Data »

........

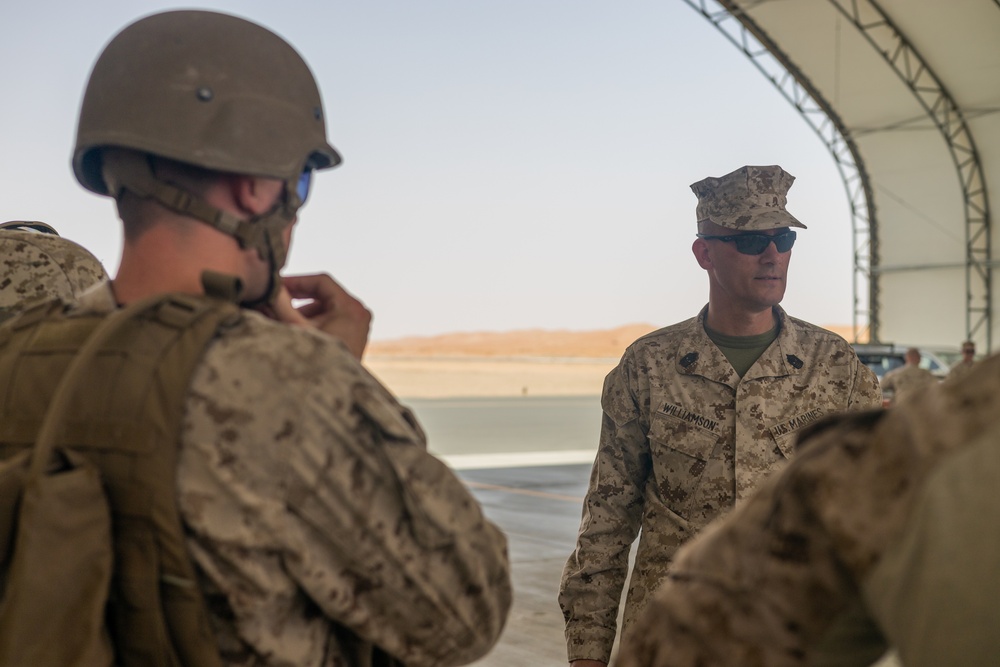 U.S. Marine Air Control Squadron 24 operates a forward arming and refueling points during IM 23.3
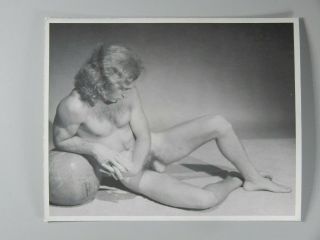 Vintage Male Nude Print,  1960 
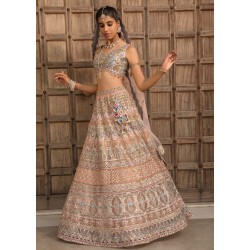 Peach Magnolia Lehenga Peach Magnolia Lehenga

........

Exercise details » Your answer should consist solely of the lines from the one holding "Vintage Male Nude" through the end of the listing, reproduced exactly and without pictures.

Answer below »
 Vintage Male Nude Print,  1960 
 Peach Magnolia Lehenga Peach Magnolia Lehenga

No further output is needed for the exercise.